Or, face aux mouvements sociaux, la France a adopté au XXIe siècle une doctrine du maintien de l’ordre comparativement plus répressive que la norme d’un pays occidental et démocratique, alors même que l’affaiblissement de l’encadrement préventif des protestations par les mouvements organisés (syndicats, partis) et leurs services d’ordre aurait appelé un approfondissement de la désescalade : recours à la nasse systématique, fortement remarqué au moment des manifestations contre la loi El Khomry (2016), recours à la louvoyante typique de la fin du XIXe s., utilisation d’armes proscrites ailleurs (LBD), mobilisation de forces d’intervention face à des manifestations (donc sur des tâches dont elles n’ont pas la compétence), criminalisation et brutalisation a minima disproportionnée des mouvements environnementalistes… Les forces de l’ordre en sortent épuisées, leur image dégradée dans une partie de la population, leur ressource détournée de la lutte contre la criminalité, tandis que leur emploi plus musclé que nécessaire aura par avance été légitimé pour tout gouvernant ultérieur. L’anecdote Benalla, qui a vu un conseiller présidentiel jouer au cowboy dans le Quartier latin peut être revue à cette aune (la nature réelle des relations entre ledit conseiller et le président n’ayant, elle, absolument aucune importance, la vie politique n’étant pas un roman feuilleton).

Face à cette réalité, documentée par les experts, la réaction du pouvoir en place s’est située dans son domaine de confort : la com. Les figures des black blocks (qui, évidemment, existent, et évidemment dans une proportion sans rapport avec le problème, et, évidemment, avec le soupçon d’infiltration par des agitateurs), mais aussi la figure des ploucs (de la campagne, qui ne comprennent rien à rien et font des BBQ sur des rond-points), celle des éco-terroristes, etc, sont venus alimenter craintes et fantasmes, nourrir ce même antagonisme dont le pouvoir nie la réalité, creuser l’écart entre l’institution et plusieurs pans de la population.

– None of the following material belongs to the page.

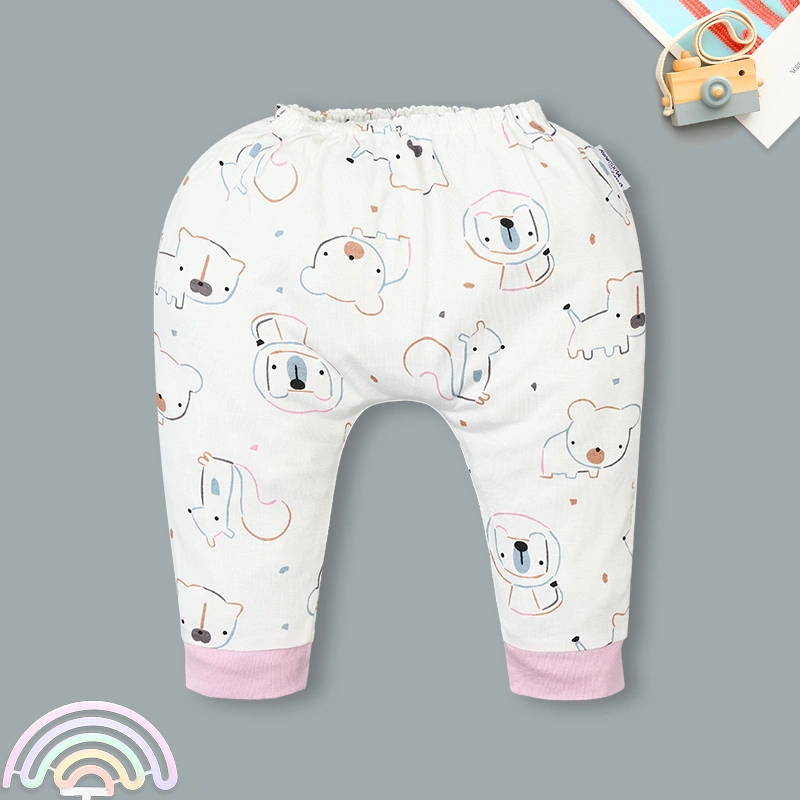 Set bộ tay dài sơ sinh cài chéo in hình thú BabyMommy màu trắng viền hồng 9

L’atteinte aux institutions

Bien qu’il soit d’inspiration bonapartiste, le pouvoir en place a entretenu un rapport de défiance envers les grands corps (administrateurs civils, diplomates…) – ceux-là même qui, incarnant la parole et la continuité de l’État, sont censés nous protéger dans les mois qui viennent, dans l’hypothèse d’un gouvernement technique. La rengaine populiste contre l’aristocratie d’État (qui est pourtant un espace culturel où s’entretient une certaine idée de la chose publique) n’était pourtant pas de nature à réduire la défiance de la population envers la collectivité. Bien sûr, l’antagonisme institutionnel a également visé les élus locaux et les députés.

Il a été beaucoup question du 49-3, dont l’utilisation au cours de la seconde mandature par un gouvernement non appuyé par une majorité absolue, ouvre la porte à des emplois de même type par des gouvernants à venir. Il est vrai que la répétition ad nauseam du motif de l’ingouvernabilité de la France, qui masquait essentiellement d’une part l’incapacité à dépasser une idéologie libérale (dite du « pragmatisme » économique), d’autre part à panser les plaies causées par les manœuvres de la politique tacticienne d’échiquier, a également préparé la voie pour un pouvoir autoritaire à venir. Mais que dire des deux grandes expériences politiques, les deux seules qui auraient peu ou prou pu apporter des éléments de cohérence avec le slogan initial (association pour le renouvellement politique) : la Convention citoyenne pour le climat, le Grand Débat National, qui reproduisent au passage l’opposition bien connue des sociologues et sondeurs du quali et du quanti . La première, mise en place par la troisième assemblée de la République – le Conseil Économique, Social et Environnemental, qui assure la représentation de société civile – à la demande du PM sur décision du PR, a bel et bien été dotée de moyens de fonctionner, mais a vu ses conclusions, parce que non conservatrices, balayées avec condescendance. Quant aux 19899 cahiers de doléance manuscrits, issus des 16500 mairies (rurales, notamment), produits à l’invitation du gouvernement pour donner un canal d’expression au mouvement composite des Gilets Jaunes, heureusement que les Archivistes départementaux les conservent et les numérisent. Quel dommage qu’ils aient été laissés comme un legs pour l’avenir de la recherche : l’avenir aura sans doute été celui des élections législatives de 2024

Dissoudre : destruction créatrice, déluge ou rédemption ?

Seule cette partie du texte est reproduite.